In this part of the experiment, 100 inshore remote sensing ship images with 634 samples were collected. These 100 images were further processed with our method. The same 100 images were used for testing. The original RPN_IOU positive threshold and the RPN_IOU negative threshold are 0.7 and 0.2, respectively. The results of keeping the RPN_IOU negative threshold at 0.2 and changing the RPN_IOU positive threshold from 0.5 to 0.9 are shown in
Table 3 and
Figure 10. We considered the difference between the simulated ship objects and the real ship objects to be small and have no influence on the RPN network if no sudden change could be observed in the test results.
For our data, it can be seen from the experimental results that the change in the RPN_IOU positive threshold from 0.5 to 0.9 had little impact on the experimental results. It can be considered that these simulated ship objects are the same as real ship objects; i.e., simulated ship objects can be applied to replace the ships in the real images. The best results were obtained with an RPN_IOU positive threshold of 0.8.
Table 4 and
Figure 11 show the results of keeping the RPN_IOU positive threshold at 0.8 and changing the RPN_IOU negative threshold from 0.2 to 0.5.
When the RPN_IOU negative threshold changes from 0.2 to 0.5, the precision gradually decreases and the recall gradually increases, and the F-measure also decreases. The best results are obtained when the RPN_IOU negative threshold is 0.2. We can conclude that the simulated ship objects are not recognized as background information.
4. Conclusions
In this paper, we proposed a training strategy of making simulated images to augment the data and reduce manual annotation. In the proposed method, the ship models are projected onto real images to generate simulated images and improve the quality of the dataset. The experimental results verified that the simulated images were realistic and suitable for dataset extension. At the same time, our method can be combined with traditional data enhancement methods, which greatly increase the number of samples. The experiments show that the ship detection results have been improved with our data augmentation method.

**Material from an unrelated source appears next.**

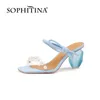 Sophitina Cuir Summer Femmes Chaussures Strange Heel Beautiful Sweet Style Perle Fleur Dressing Sandales de Toe Carré Jaune Fo244 210513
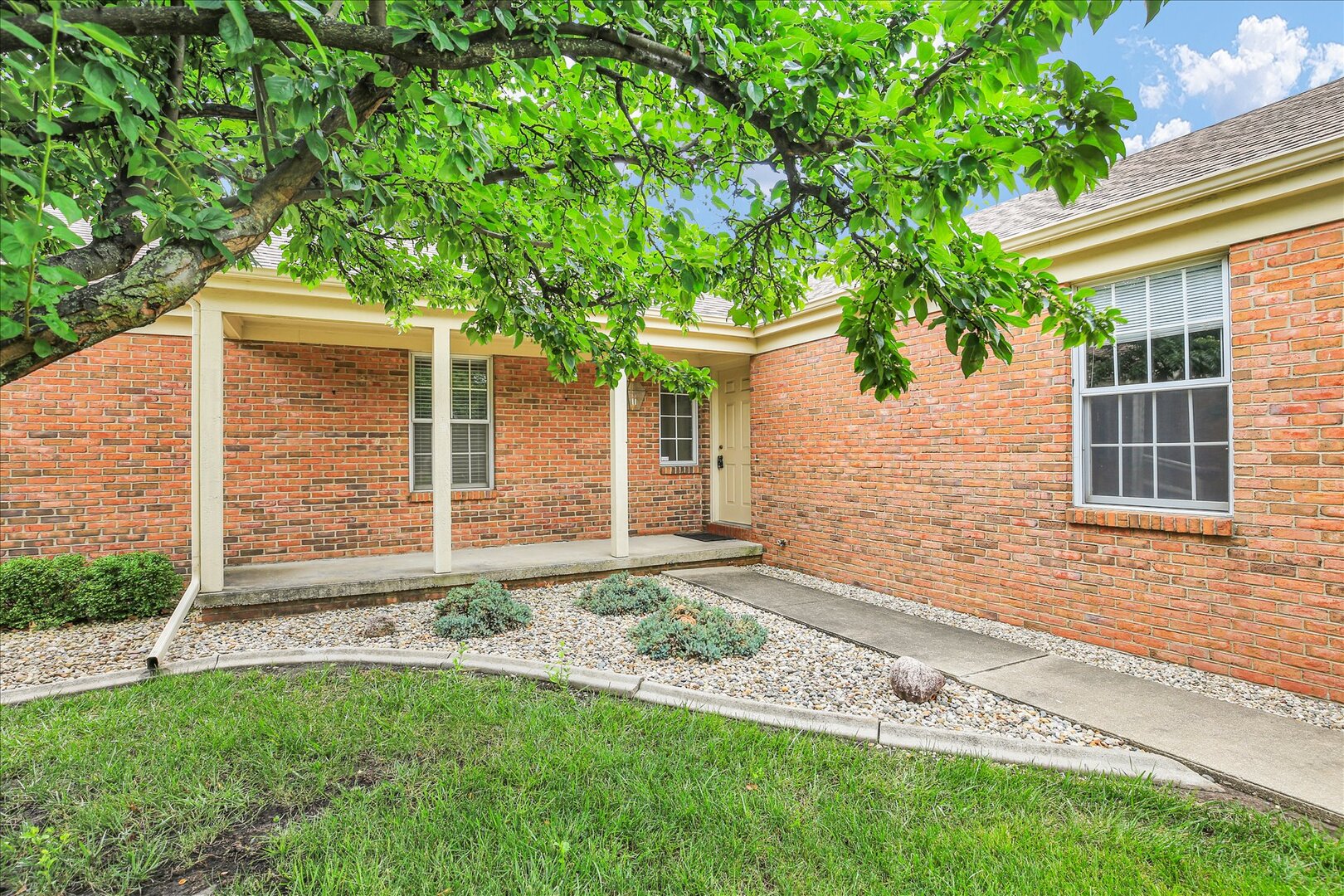 Homes for sale in Champaign, IL | 1501 Broadmoor Dr #B, Champaign, IL 61821 | MLS# 12659160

However, some problems are still need to be improved. We use only a few types of ship models and a small number of ship models. The selection of projection positions of ship models needs further improvement to avoid the occurrence of ship–land overlap. The color of the ship’s three-dimensional model also needs to be improved. In the future, we will apply textures to the model based on the corresponding pattern of the real ship, and not just color.